Dr. Ben Wauneka didn't stop to think. If he had, he would've done a lot of things differently.

But he'd been having a major problem with his reactions to the spectacular blond stranger who'd claimed to be a doctor. He'd been doing just fine, right up until the moment she'd turned those soft, blue-gray eyes in his direction. Then all his thoughts had centered on them and on the full lips located tantalizingly below that perky little turned-up nose.

She looked like a white man's version of an angel. And he'd never wanted to kiss an angel before.

Kiss? Was he totally insane? There were so many reasons why he couldn't...shouldn't let himself feel...

A loud grunt finally tore his attention away from the angel on her knees. The drugged-out wrestler, standing about ten feet from her, seemed to have quickly gotten over the shock of the bilagáana woman's strange behavior. Or maybe the drugs in the teen's system simply wouldn't let him remain inert for any longer.

Whatever the reason, the wrestler roared with blind anger, fisted his hands over his head and took a few steps in her direction.

Ben's body moved without his full consent. Before he realized what he'd done, he was standing between the crazed teen and the blonde.

Using surprise in the hopes of putting the kid off balance, Ben tried a distinctly non-Navajo move and rudely stared straight into the wrestler's eyes. But instead of seeing the blank stare of a teenager strung out on drugs like he'd imagined, Ben caught a brief glimpse of something he hadn't expected to see at all.

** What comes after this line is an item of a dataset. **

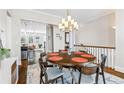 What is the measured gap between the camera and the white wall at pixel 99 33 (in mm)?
6148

The evil ones. Right there in this young man's eyes. Ben was the one who'd been surprised. A second later, with momentum in his favor, the wrestler's fists came down against Ben's chest and knocked the wind out of him. Gasping for breath, Ben made a desperate move, trying to keep the kid from getting past him. He swung his arms out.

Catching the teenager by the shoulders, Ben took them both down. As he heard the sharp crack of his own forehead connecting with the hardwood floor, Ben was vaguely aware of being tangled up with a hellcat.

Before he blacked out, his thoughts went in a strange direction. Suddenly he was surrounded by warm sensations and secret sensual invitations — and all were emanating from soft blue-gray eyes.